By Milan's early Sunday hours, OC will be fully-immersed in Guy Cassiers' complete Wagner Ring Cycle at Teatro alla Scala, eighteen hours (depending on Barenboim's baton) in (mostly) six-hour meals, which makes us feel like rock stars (like we're on Rihanna's whirlwind 777 Tour) but in those silent, midnight hours, we suspect that we'll feel more like Sergeant Hartman's freshly graduated Full Metal Jacket platoon: "Today, you people are no longer maggots. Today, you've lived through a weeklong Wagner Ring cycle. You're part of a brotherhood. From now on until the day you die, wherever you are, every Wagnerian is your brother..."
Wagner's opus of badly mannered heroes, mostly insane, who make war, not love, kicked off last night at La Scala in its first 2012-13 season Ring-in-a-Week with 2.5 hours of pure Cassiers Das Rheingold madness, which we live tweeted with Matteo Bordone and Teatro alla Scala full of exclusive, backstage photos and interviews.
Cassiers' prologue was leached of Norse mythology and gratuitous visuals -- more gold tallied on a random La Scala patron than onstage nor a rainbow in sight -- as a compact, water-drenched, moldy realm of Nibelungs. It was an intermission-stricken night of solid singing by a well-meshed ensemble and Barenboim's non-interpretation (which isn't a criticism, we actually think it's the best approach to counter the highly-stylized, semi-freddo Cassiers production) of muddy, rich, well-mannered phrasing that allowed him passage into La Scala's books among maestri who've formerly beat off uncut cycles: Ettore Panizza in 1927/28 & 1931, Siegfried Wagner in 1930, Krauss in 1938, von Hösslin in 1943, Furtwängler in 1949/50 and Cluytens in 1962-63 along with Scala's Wagnerians heretofore legacy like Toscanini, de Sabata and Karajan.

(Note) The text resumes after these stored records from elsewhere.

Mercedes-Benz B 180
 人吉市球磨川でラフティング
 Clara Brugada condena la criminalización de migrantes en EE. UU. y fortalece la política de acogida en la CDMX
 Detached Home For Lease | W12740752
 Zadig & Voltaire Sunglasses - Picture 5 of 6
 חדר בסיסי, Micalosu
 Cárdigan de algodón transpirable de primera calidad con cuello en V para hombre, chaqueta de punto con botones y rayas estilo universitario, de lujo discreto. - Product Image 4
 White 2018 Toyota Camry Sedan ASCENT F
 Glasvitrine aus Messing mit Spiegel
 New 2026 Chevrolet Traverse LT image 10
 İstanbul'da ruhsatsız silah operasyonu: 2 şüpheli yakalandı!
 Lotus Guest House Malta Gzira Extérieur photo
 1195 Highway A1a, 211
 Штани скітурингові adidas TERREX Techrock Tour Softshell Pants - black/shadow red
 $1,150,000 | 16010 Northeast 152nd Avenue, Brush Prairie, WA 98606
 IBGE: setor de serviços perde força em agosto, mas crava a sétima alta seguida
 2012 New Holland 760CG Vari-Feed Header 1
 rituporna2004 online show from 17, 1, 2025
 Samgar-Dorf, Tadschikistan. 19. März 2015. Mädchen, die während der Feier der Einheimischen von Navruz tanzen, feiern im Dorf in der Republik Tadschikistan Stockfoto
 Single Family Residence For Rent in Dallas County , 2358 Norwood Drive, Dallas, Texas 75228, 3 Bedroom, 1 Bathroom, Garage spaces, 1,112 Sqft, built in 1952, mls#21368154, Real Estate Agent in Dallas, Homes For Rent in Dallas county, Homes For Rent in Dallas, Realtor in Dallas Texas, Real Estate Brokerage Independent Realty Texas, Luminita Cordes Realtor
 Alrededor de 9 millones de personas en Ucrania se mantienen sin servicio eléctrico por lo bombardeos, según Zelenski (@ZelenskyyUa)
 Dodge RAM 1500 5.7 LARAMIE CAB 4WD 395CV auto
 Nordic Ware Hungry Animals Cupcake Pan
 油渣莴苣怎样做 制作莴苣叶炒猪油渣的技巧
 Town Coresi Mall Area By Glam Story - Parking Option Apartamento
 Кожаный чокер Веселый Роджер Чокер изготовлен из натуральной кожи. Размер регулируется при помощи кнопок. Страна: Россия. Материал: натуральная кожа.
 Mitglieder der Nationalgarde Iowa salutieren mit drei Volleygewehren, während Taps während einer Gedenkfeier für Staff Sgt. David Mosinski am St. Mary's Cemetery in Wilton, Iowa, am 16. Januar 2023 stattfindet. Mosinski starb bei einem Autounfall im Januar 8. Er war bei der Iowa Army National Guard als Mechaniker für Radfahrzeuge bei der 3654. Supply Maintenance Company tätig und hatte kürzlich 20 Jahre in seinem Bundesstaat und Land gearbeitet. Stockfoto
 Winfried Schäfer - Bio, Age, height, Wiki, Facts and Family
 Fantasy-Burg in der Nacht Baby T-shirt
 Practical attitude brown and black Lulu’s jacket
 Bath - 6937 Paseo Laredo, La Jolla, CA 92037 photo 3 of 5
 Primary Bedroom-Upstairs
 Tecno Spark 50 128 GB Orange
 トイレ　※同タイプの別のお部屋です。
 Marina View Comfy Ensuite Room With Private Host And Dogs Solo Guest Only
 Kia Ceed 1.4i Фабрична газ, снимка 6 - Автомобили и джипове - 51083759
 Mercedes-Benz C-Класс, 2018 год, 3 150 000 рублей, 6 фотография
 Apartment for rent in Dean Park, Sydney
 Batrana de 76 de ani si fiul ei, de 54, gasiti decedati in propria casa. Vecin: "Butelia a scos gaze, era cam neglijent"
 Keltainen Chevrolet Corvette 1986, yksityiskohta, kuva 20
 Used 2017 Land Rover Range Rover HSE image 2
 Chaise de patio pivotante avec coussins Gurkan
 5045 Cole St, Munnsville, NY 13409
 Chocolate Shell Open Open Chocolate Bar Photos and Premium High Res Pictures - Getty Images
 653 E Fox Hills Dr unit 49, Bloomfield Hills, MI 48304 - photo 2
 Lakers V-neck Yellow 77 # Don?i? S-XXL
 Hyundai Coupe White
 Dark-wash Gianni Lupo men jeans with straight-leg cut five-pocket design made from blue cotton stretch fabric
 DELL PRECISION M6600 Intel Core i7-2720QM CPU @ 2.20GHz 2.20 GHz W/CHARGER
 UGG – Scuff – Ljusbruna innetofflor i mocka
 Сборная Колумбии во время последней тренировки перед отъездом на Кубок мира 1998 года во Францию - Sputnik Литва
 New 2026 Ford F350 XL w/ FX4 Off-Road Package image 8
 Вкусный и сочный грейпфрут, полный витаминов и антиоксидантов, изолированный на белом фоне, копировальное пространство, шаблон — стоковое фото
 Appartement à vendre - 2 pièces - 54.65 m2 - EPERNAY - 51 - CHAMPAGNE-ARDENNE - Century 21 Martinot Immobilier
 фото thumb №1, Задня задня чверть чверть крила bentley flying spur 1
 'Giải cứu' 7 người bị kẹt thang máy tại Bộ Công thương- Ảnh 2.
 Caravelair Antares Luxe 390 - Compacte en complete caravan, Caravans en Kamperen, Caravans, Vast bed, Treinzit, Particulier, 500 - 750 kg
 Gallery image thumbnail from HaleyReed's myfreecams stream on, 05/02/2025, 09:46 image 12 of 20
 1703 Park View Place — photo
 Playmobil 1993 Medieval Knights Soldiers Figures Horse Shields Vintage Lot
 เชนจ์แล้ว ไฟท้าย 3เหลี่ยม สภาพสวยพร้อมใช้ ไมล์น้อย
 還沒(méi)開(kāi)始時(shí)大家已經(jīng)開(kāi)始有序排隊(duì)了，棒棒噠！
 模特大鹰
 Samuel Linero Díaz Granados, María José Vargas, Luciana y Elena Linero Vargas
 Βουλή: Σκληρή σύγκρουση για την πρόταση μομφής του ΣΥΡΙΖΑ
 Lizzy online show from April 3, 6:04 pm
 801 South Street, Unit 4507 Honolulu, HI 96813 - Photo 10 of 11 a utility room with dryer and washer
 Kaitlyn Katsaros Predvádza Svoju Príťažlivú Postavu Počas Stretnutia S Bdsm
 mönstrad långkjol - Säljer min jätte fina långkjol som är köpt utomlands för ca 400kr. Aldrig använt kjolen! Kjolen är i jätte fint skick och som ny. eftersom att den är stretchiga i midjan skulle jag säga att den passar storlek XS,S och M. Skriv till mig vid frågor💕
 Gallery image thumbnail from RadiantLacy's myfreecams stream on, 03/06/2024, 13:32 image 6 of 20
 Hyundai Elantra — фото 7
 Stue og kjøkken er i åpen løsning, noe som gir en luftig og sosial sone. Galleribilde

Tonight, the live-tweeting saga continues with Die Walküre as the twins and Valkyries gambol illuminated sets. OC knows what she's in for -- we were at La Scala three years ago for its controversial premiere, which opened the Milanese theater's new season, full review here --- a thorny moment on Italy's fragile cultural funding timeline and now sadly, harbinger of the present famine.
Stay tuned for Siegfriend on Thursday and Götterdämmerung on Saturday. If you're in Milan this month, La Scala hosts an encore week: Das Rheingold on the 24th, Die Walküre on the 25th, Siegfried on the 27th and Götterdämmerung on the 29th. With this ring, I thee Wagner.